Would you please repeat all of the data exactly, omitting the pictures?

----- Provided data

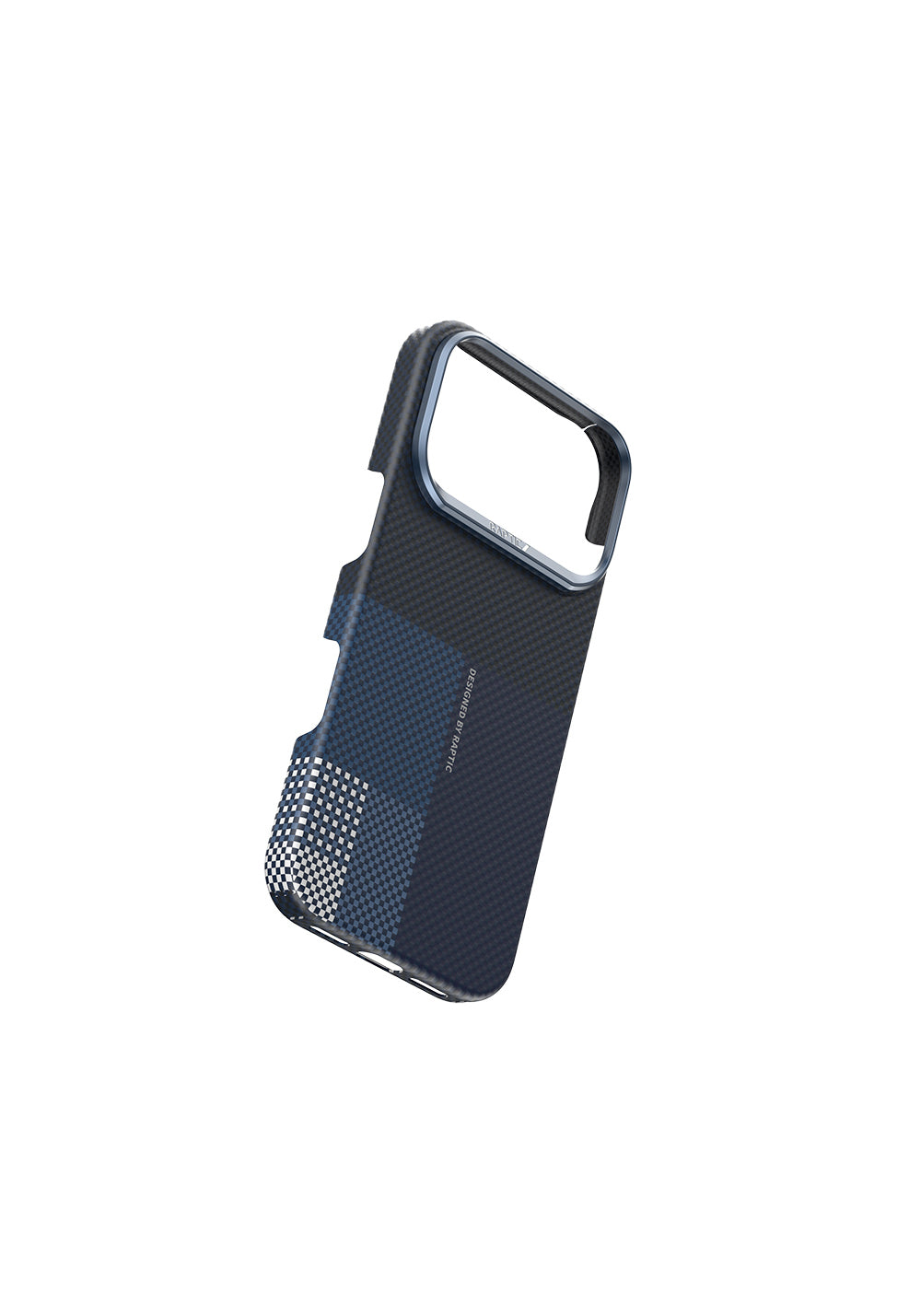 Apple iPhone 17 Pro Kılıf Manyetik Şarj Uyumlu Raptic Aramid Skin Transform Serisi Karbon Kapak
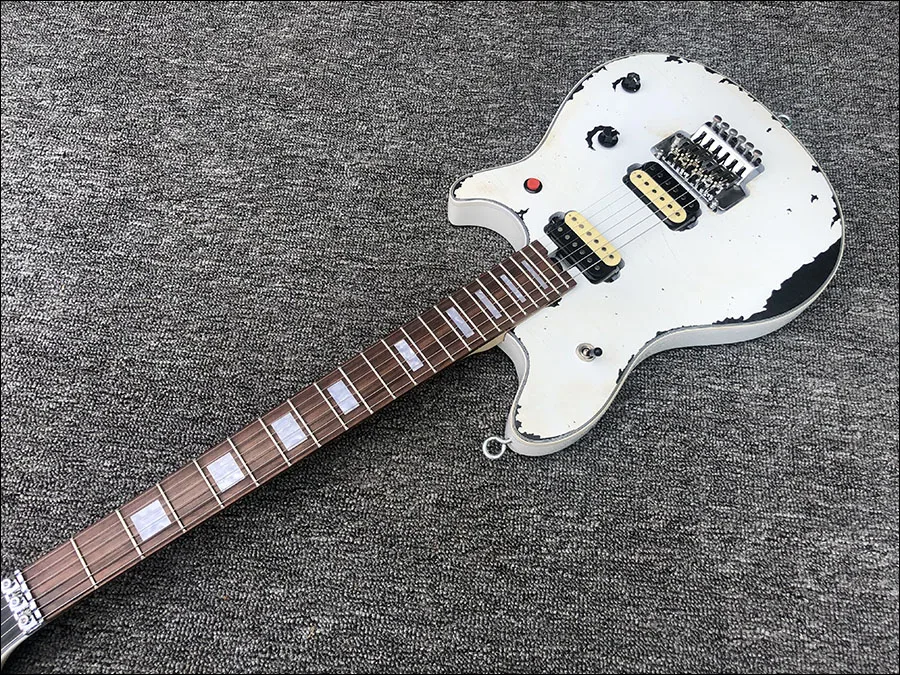 Высокое качество Relic-электрогитара, EVH стиль, ольховое тело с кленовым горлом, на заказ электрогитара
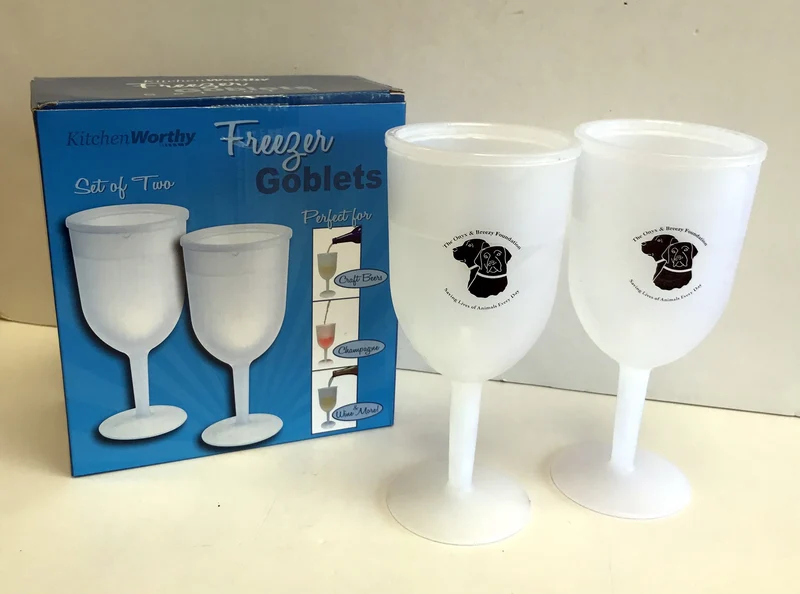Logo Freezer Goblets (Set of 2)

----------

Task solution =>
 Apple iPhone 17 Pro Kılıf Manyetik Şarj Uyumlu Raptic Aramid Skin Transform Serisi Karbon Kapak
 Высокое качество Relic-электрогитара, EVH стиль, ольховое тело с кленовым горлом, на заказ электрогитара
Logo Freezer Goblets (Set of 2)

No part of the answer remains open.